#### PROBLEM TO WORK ON
Leave out the images and repeat every entry below exactly.

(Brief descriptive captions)

======

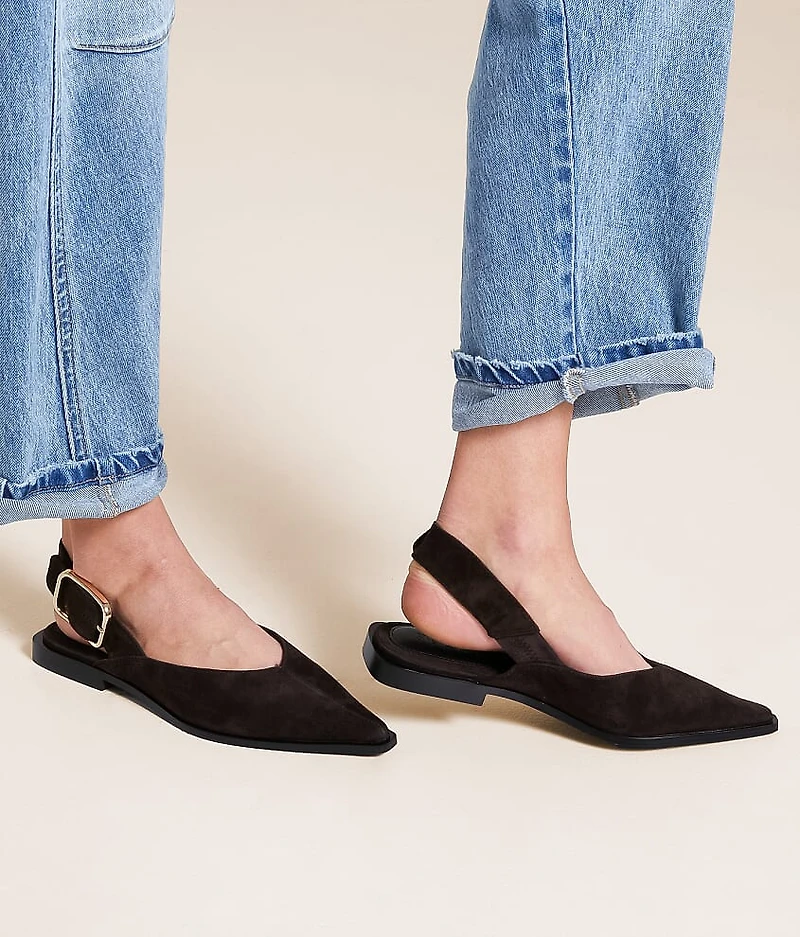 Shay Suede Shoe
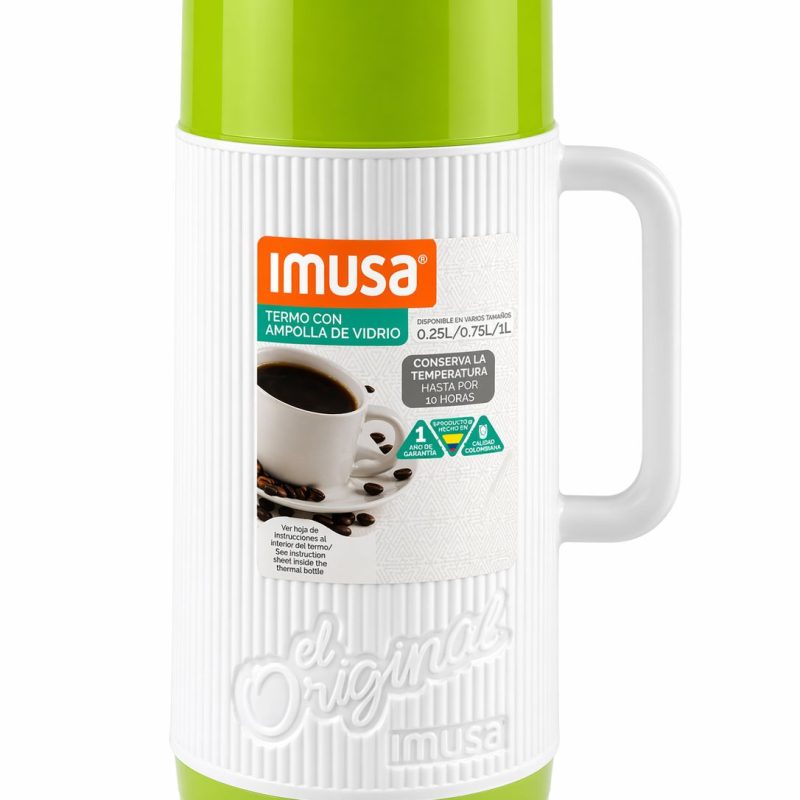 TERMO IMUSA X 1 LITRO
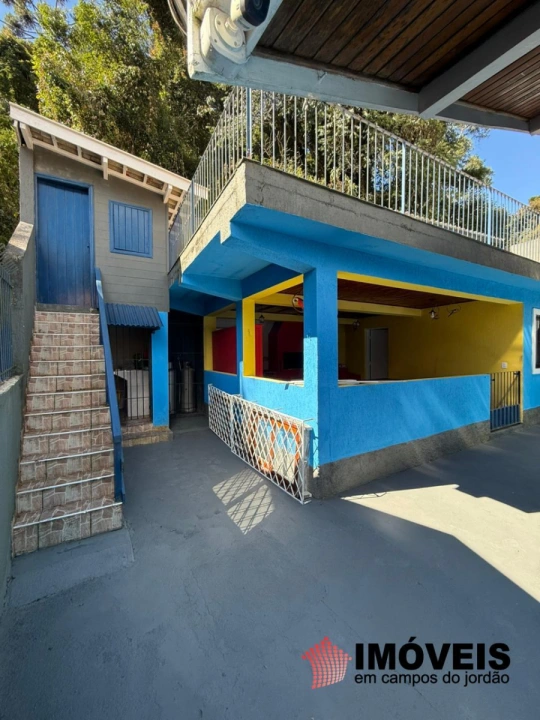 Imagem da galeria de fotos: Casa Residencial para Venda - Campos do Jordão, Vila Paulista - REF: CA0426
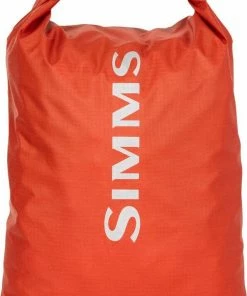 Simms Dry Creek Dry Bag Orange 5 Simms Dry Creek Dry Bag Orange -Glasgow Angling dry creek dry bag orange s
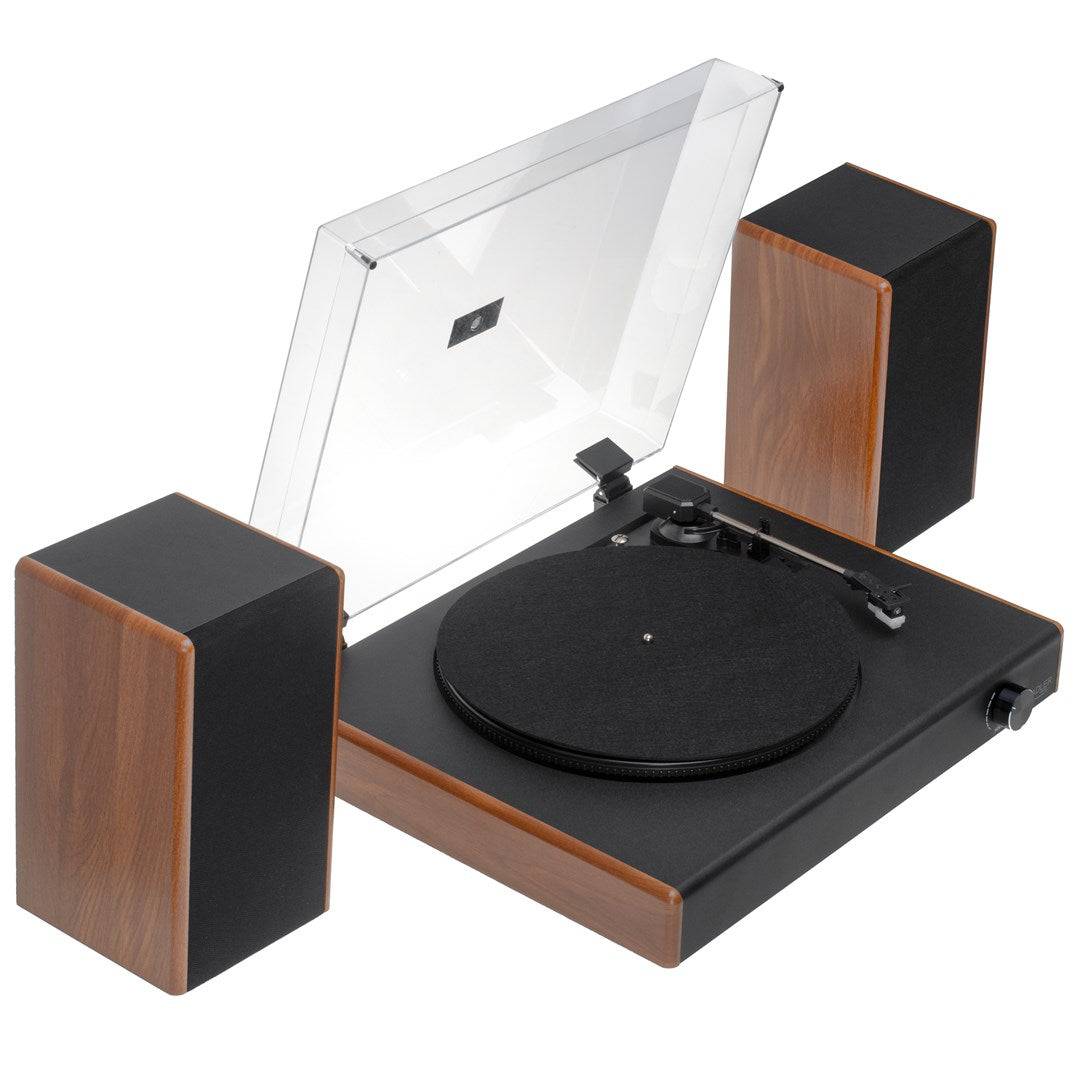 ADLER AD 1915 Platenspeler met USB en Bluetooth-2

======

#### SOLUTION TO THIS PROBLEM
 Shay Suede Shoe
 TERMO IMUSA X 1 LITRO
 Imagem da galeria de fotos: Casa Residencial para Venda - Campos do Jordão, Vila Paulista - REF: CA0426
 Simms Dry Creek Dry Bag Orange 5 Simms Dry Creek Dry Bag Orange -Glasgow Angling dry creek dry bag orange s
 ADLER AD 1915 Platenspeler met USB en Bluetooth-2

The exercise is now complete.